PROBLEM: Output exactly the lines from the line that has "LOWHA Customizable Canvas" through the last line of the data below, with no pictures.

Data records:
# # # # # # #
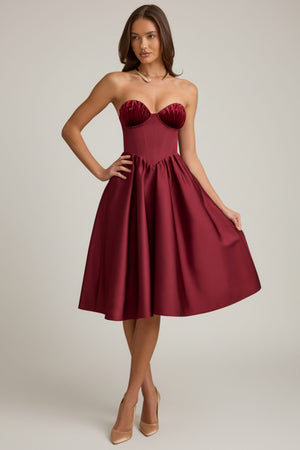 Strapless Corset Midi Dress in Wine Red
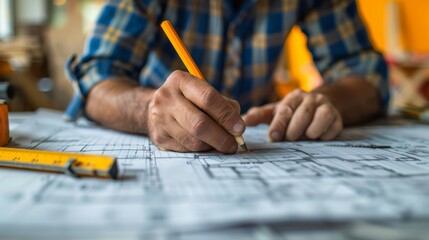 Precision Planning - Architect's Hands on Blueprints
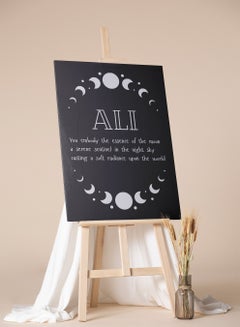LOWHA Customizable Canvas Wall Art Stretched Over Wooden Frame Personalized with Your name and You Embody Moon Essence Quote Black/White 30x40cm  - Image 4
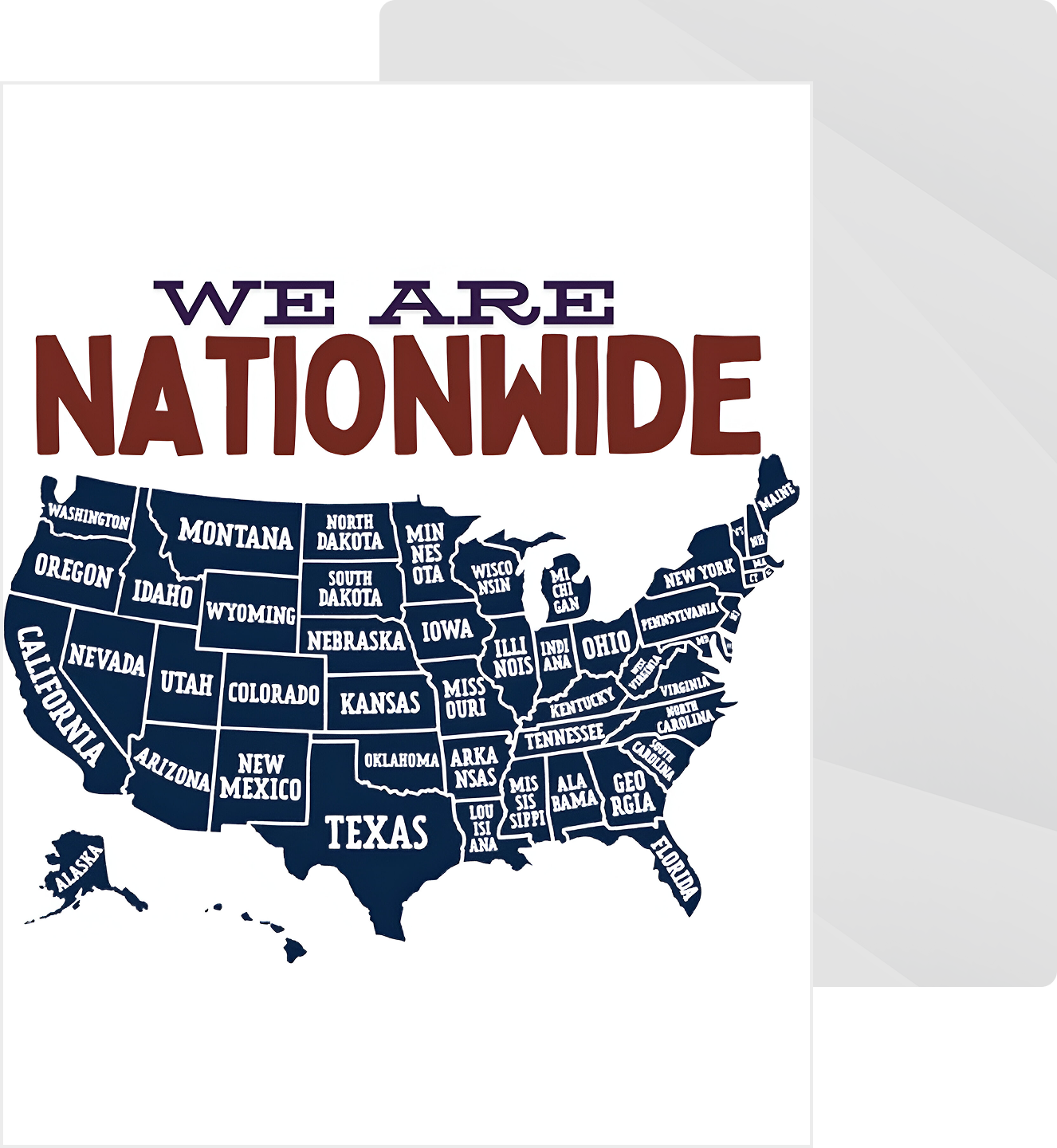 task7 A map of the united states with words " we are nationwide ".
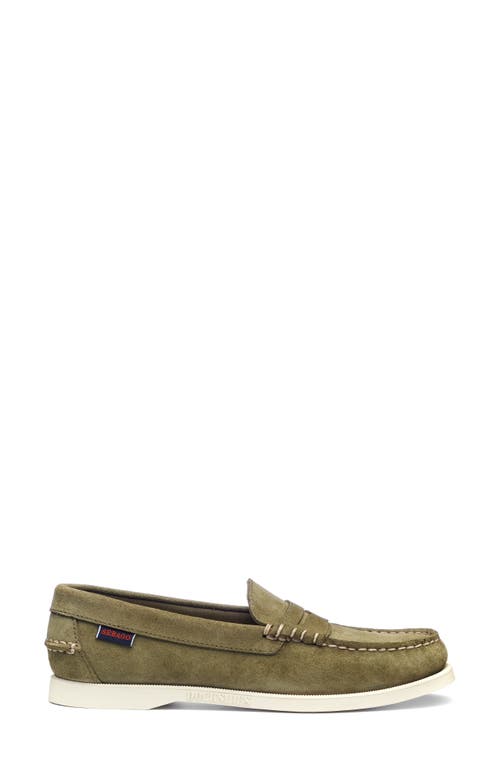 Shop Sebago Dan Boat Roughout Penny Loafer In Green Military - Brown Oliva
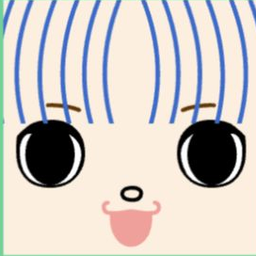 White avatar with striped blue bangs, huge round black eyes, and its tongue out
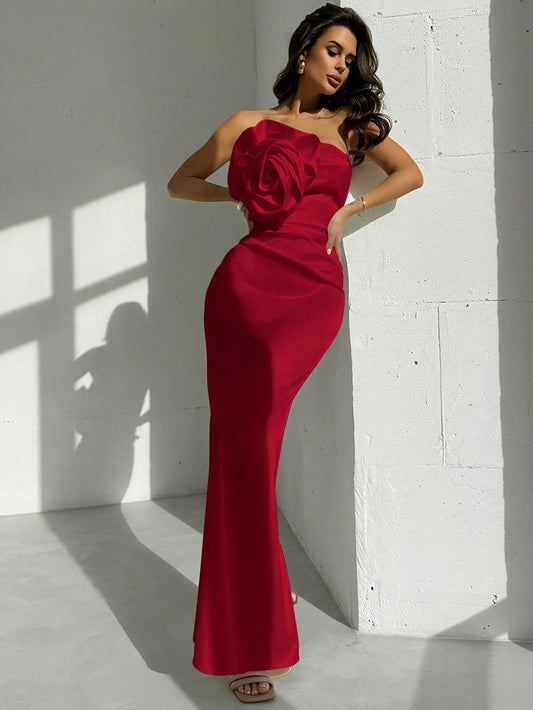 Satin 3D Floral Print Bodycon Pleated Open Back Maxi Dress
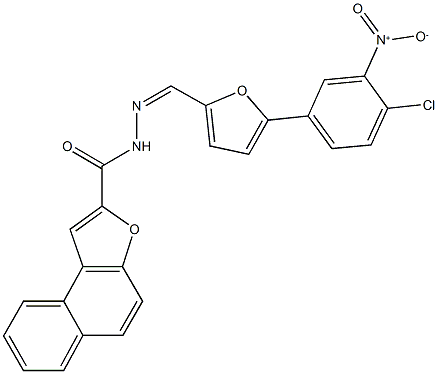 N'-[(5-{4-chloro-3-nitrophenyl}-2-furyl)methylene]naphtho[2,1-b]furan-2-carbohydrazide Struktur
# # # # # # #
RESPONSE BOX:
LOWHA Customizable Canvas Wall Art Stretched Over Wooden Frame Personalized with Your name and You Embody Moon Essence Quote Black/White 30x40cm  - Image 4
 task7 A map of the united states with words " we are nationwide ".
 Shop Sebago Dan Boat Roughout Penny Loafer In Green Military - Brown Oliva
 White avatar with striped blue bangs, huge round black eyes, and its tongue out
 Satin 3D Floral Print Bodycon Pleated Open Back Maxi Dress
 N'-[(5-{4-chloro-3-nitrophenyl}-2-furyl)methylene]naphtho[2,1-b]furan-2-carbohydrazide Struktur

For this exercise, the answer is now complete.